→ **Work required**: Please set down the data word for word; images do not go in the copy.

### Data shown ###

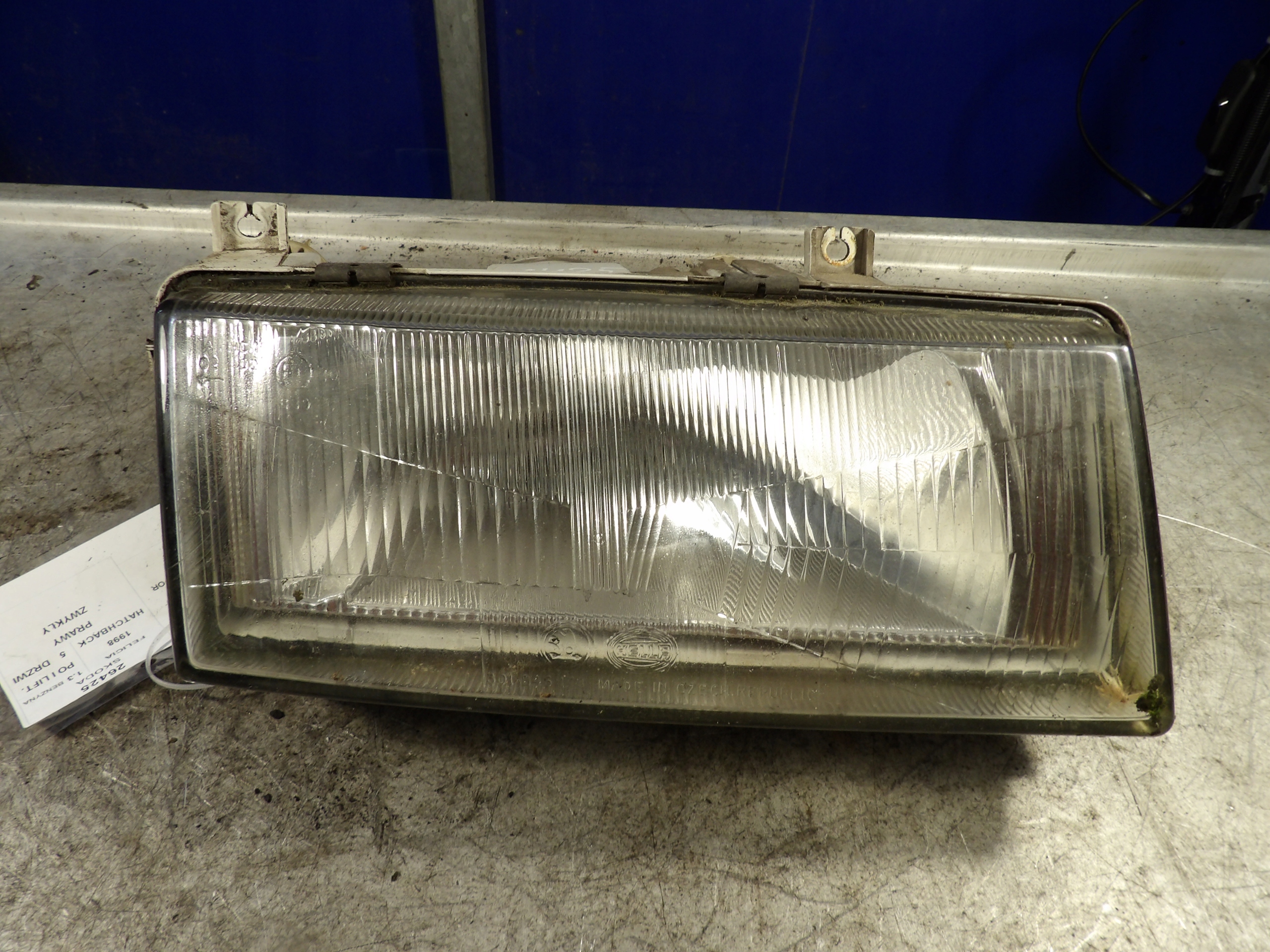 Skoda Felicia light front right 246150-00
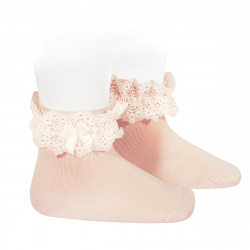 Buy Lace trim short socks with bow NUDE in the online store Condor. Made in Spain. Visit the LACE AND TULLE SOCKS section where you will find more colors and products that you will surely fall in love with. We invite you to take a look around our online store.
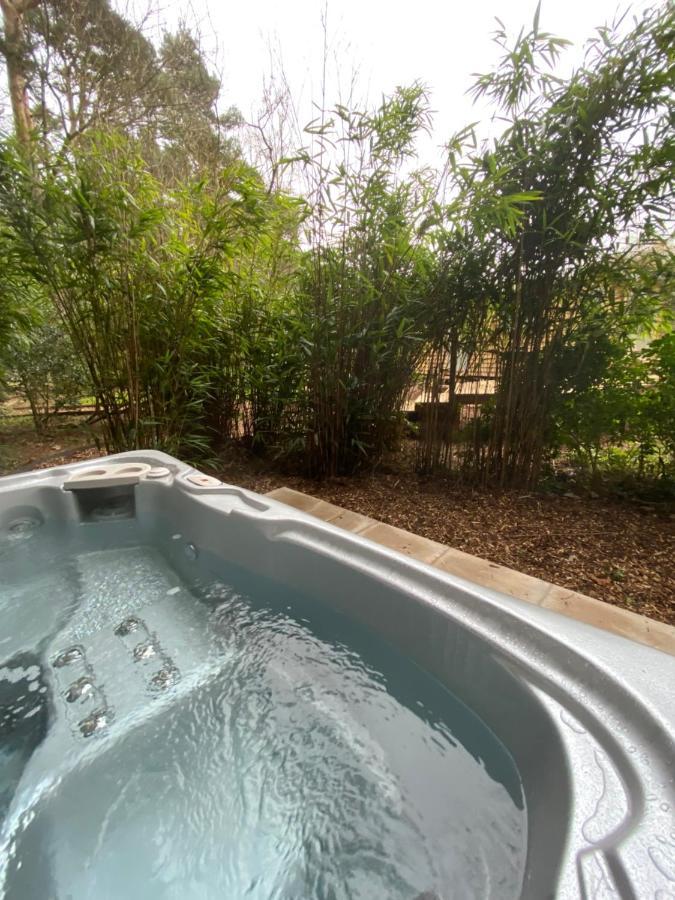 Kelling Chez Maurice Luxury Shepherds Hut With Bath And Hot Tub מראה חיצוני תמונה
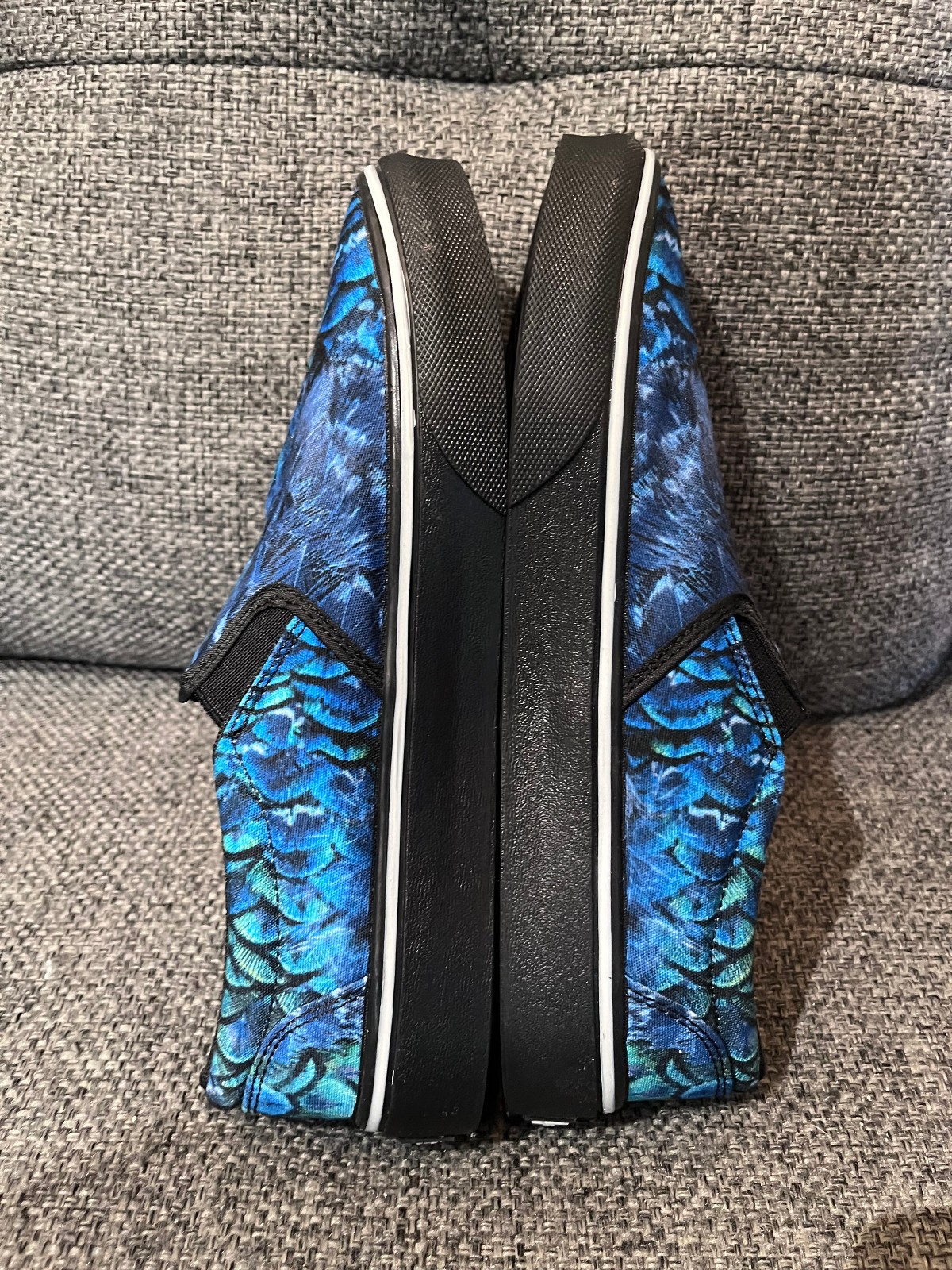 Yes We Vibe Blue Print Canvas Loafer Slip-on Shoes – Womens Size 9M Men’s 7M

###

→ **Worked solution**:
 Skoda Felicia light front right 246150-00
 Buy Lace trim short socks with bow NUDE in the online store Condor. Made in Spain. Visit the LACE AND TULLE SOCKS section where you will find more colors and products that you will surely fall in love with. We invite you to take a look around our online store.
 Kelling Chez Maurice Luxury Shepherds Hut With Bath And Hot Tub מראה חיצוני תמונה
 Yes We Vibe Blue Print Canvas Loafer Slip-on Shoes – Womens Size 9M Men’s 7M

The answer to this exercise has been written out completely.